First, I was really thrilled to be able to get open edX running thanks to Tutor. It’s amazing how tutor has made this possible for me and my small startup company, given how little I know about server admin. It’s now running on a 4GB RAM, 2 CPU DigitalOcean droplet.
However, when I actually started building courses, I quickly found out that it was on the verge of being unusable. Regularly getting 504 timeouts, and just really slow load times loading a page in studio.

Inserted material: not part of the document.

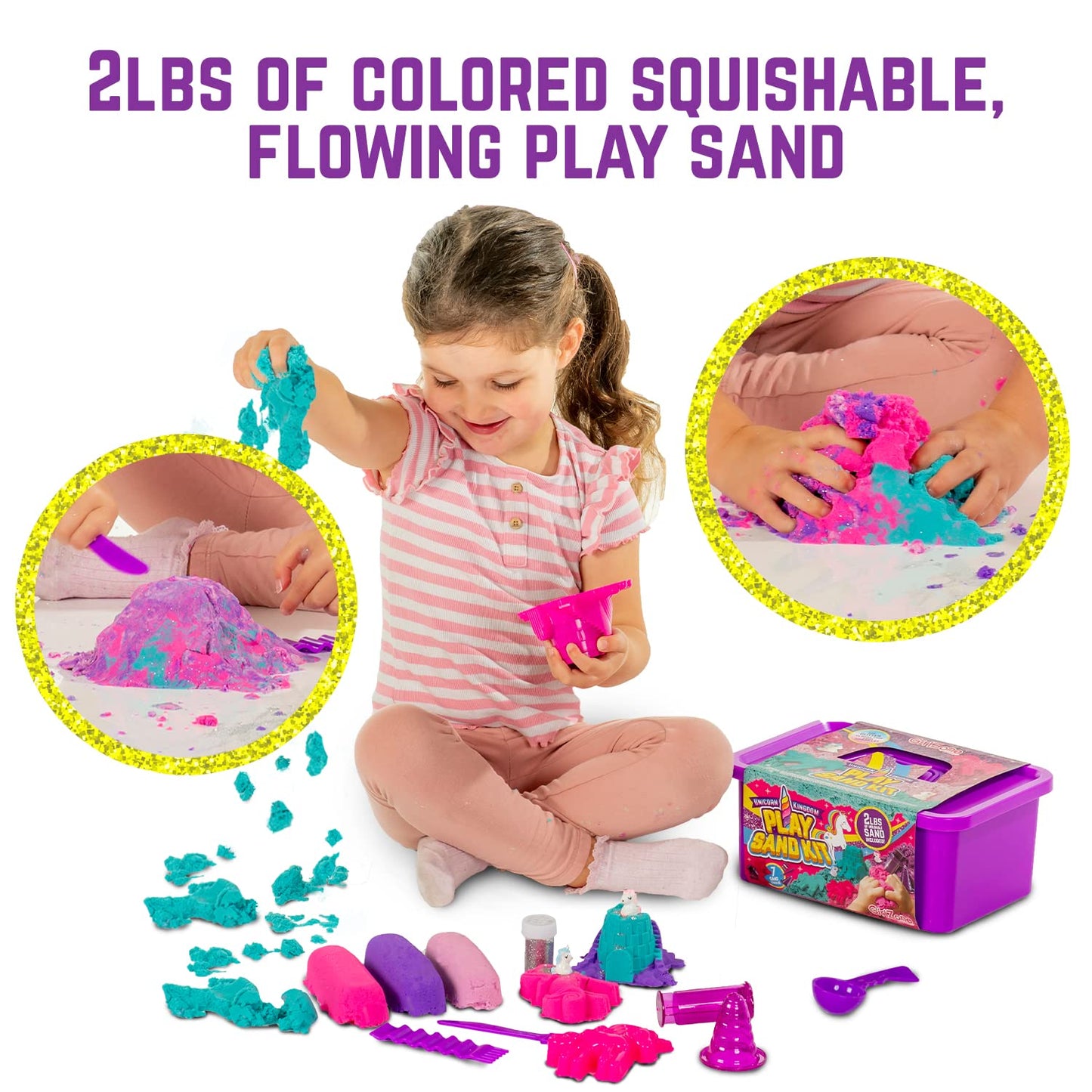 Unicorn Kingdom Sand Craft Kit with Squishy Sand, Tools & Carry Case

I checked out docker stats
and saw that tutor_local_elasticsearch_1 is using 1.22 GB memory, which is over 30% of the total memory available. Is this expected? No-one is searching for anything as I’m the only one using the site.
I expect that paying double and getting a 8GB / 4 CPU droplet would solve this, but we can’t afford that at the moment. This is going to be a closed course with under 10 simultaneous users at any time. According to what I read here, it may be possible to reduce memory requirements. That page is on the very edge of my ability to comprehend, but it seems like reducing the number of workers for the LMS, CMS, and xqueue might be able to help.
Here is what I have tried so far, in ~/.local/share/tutor/config.yml:
RUN_FORUM: false
OPENEDX_CMS_UWSGI_WORKERS: 1
OPENEDX_LMS_UWSGI_WORKERS: 1
ELASTICSEARCH_HEAP_SIZE: "0.5g"
I then did a reboot using tutor local reboot
. It does seem snappier now, which is great. However, when I run docker stats
, I still see elasticsearch is using 1.2GB. While search is an important feature, I would turn it off if this was massively slowly down the system. So I’ve got a few questions:
- Is trying to reduce memory available to elasticsearch a good idea?
- Why didn’t
ELASTICSEARCH_HEAP_SIZE: "0.5g"
in my config seem to do anything? I also tried"500mb"
, thentutor local restart elasticsearch
, but to no avail. - Is it a mistake to set the UWSGI workers to 1?
- Does anyone have any other suggestions to get the platform running smoothly on this ‘minimum spec’ hardware, considering there will be very few concurrent users?